The quest for neutrinos (subatomic particles) raised more questions about physics than it answered last week, but local physicists say the latest finding will not interfere with groundbreaking research at Daya Bay, north of Hong Kong.
Last week scientists at Cern (European Organisation for Nuclear Research) said they had found neutrinos moving faster than light - which is impossible according to Einstein's theory of relativity.
The claim must be taken with a pinch of salt, said Dr Chu Ming-chung of Chinese University's physics department. It would take a lot of time to confirm Cern's anomaly and whether or not it was proven correct, the Daya Bay Reactor Neutrino Experiment would not be affected.

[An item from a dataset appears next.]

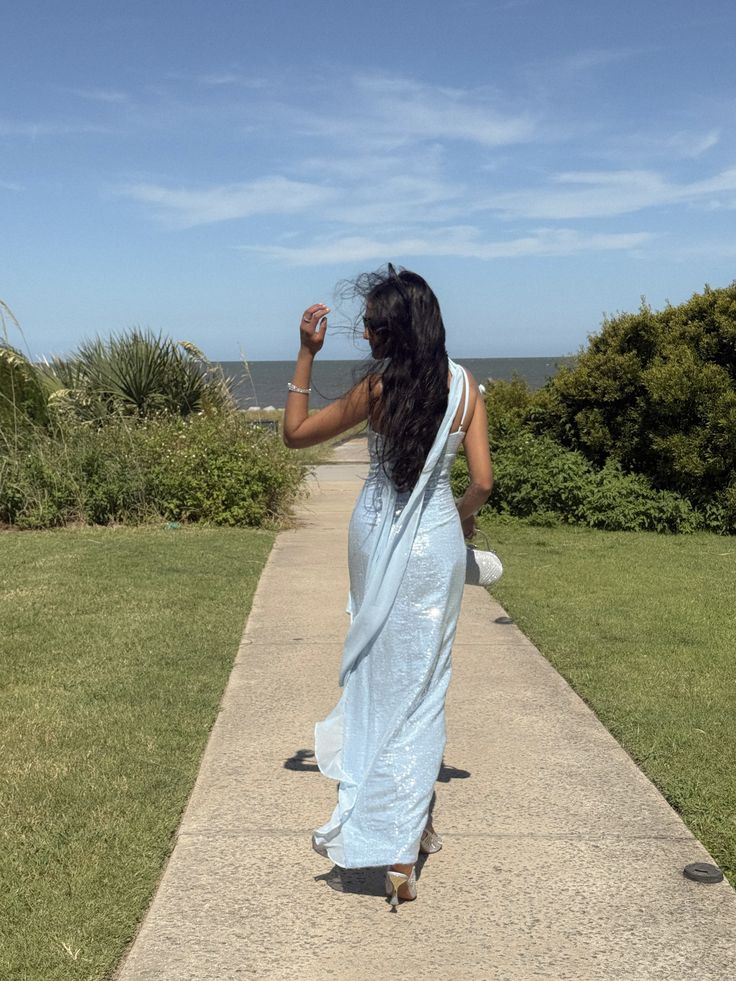 Shimmering Light Blue Irregular Strap Square Neck Slit Sequin Party Dress Bridesmaid Dress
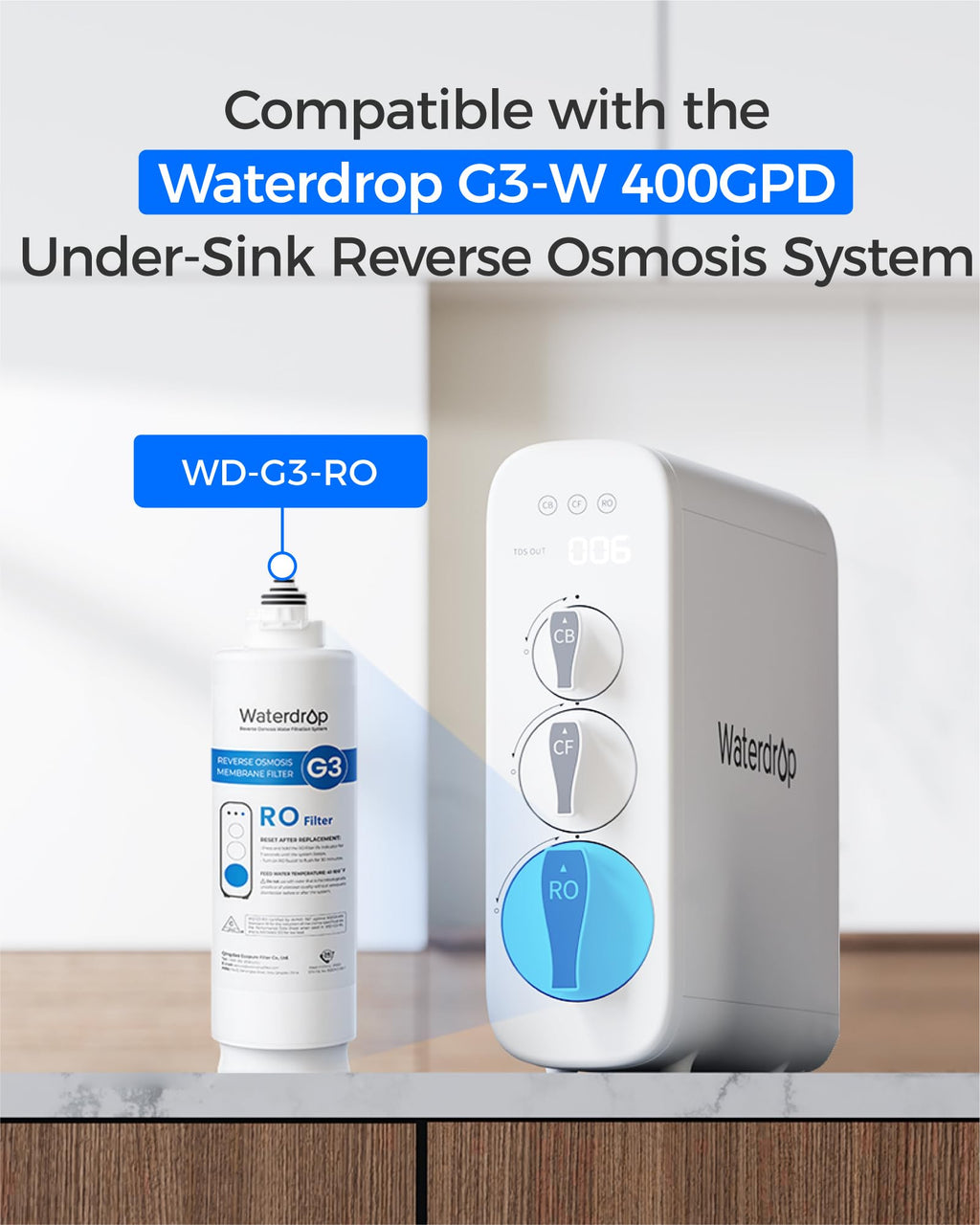 Waterdrop G3-N2RO Filter, Replacement for Waterdrop G3-W 400 GPD Reverse Osmosis System, Reduce PFAS, 2-year Lifetime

The Daya Bay project is a Sino-US collaboration aimed at helping scientists study the basic properties of neutrinos and the great mystery of why matter predominates over antimatter in the universe. Chu, a key investigator in the experiment, said: 'It will take much more scrutiny into the systematic uncertainties of the [Cern] experiment. So I would say let's be careful and wait for more people to do more studies before believing in the faster-than-light result.
'If it's confirmed, it would indeed be very surprising. It would rank as the most important discovery of recent years.'
Even if it proves to be true, it will not affect the neutrino experiment at Daya Bay - at least not the scientists' original goal of measuring a property of neutrinos called theta-one-three. That measurement would only count the number of neutrinos, regardless of their speed, Chu said.

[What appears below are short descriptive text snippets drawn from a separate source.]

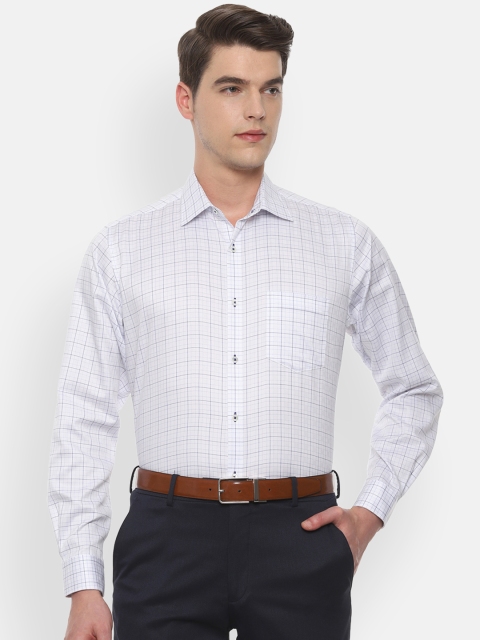 

Van Heusen Men White & Blue Regular Fit Checked Formal Shirt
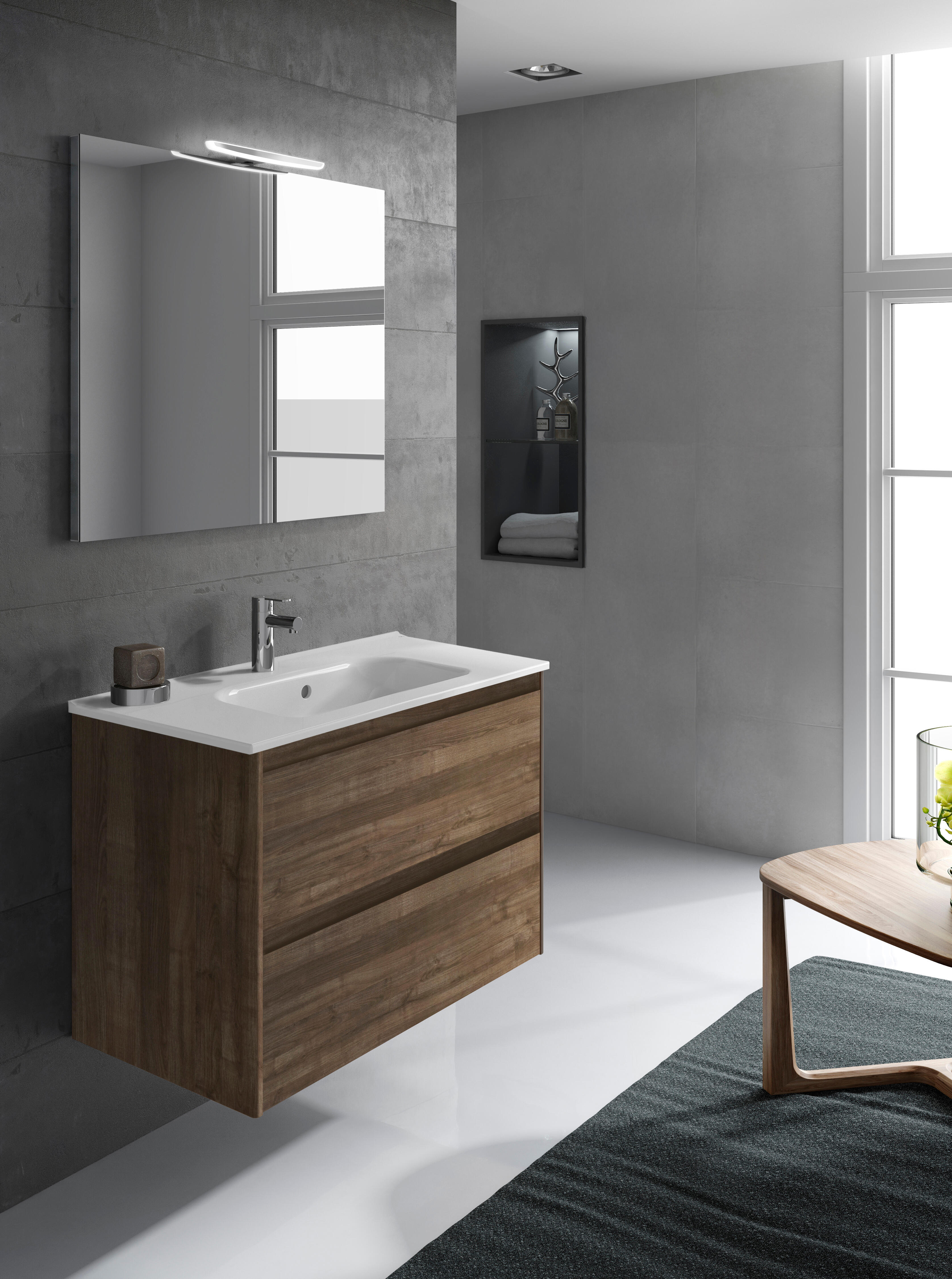 Mueble de baño con lavabo alfa fresno 80x45 cm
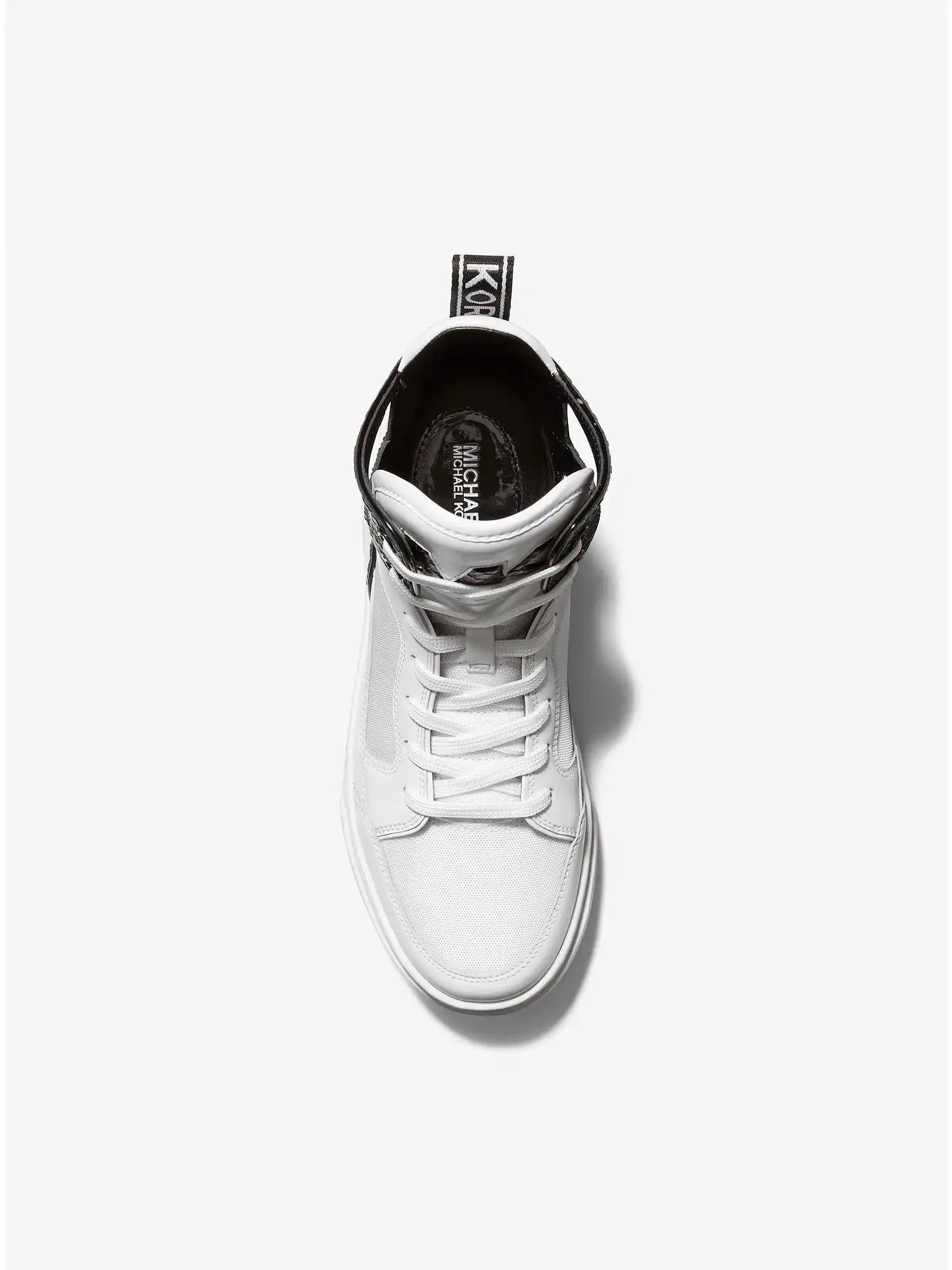 matson mixed media logo tape high top sneaker optic white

If neutrinos can travel faster than the speed of light, then basic laws of physics might have to be rewritten, he said. If particles can travel faster than light, the theory of special relativity suggests travelling backwards through time would be possible. But how anyone could actually do that is beyond the reach of any technology or material available today.
Physicists have suggested a hypothetical subatomic particle, the tachyon, that can travel faster than light and move backwards in time. But they think that tachyons, if they exist, cannot interact with normal matter.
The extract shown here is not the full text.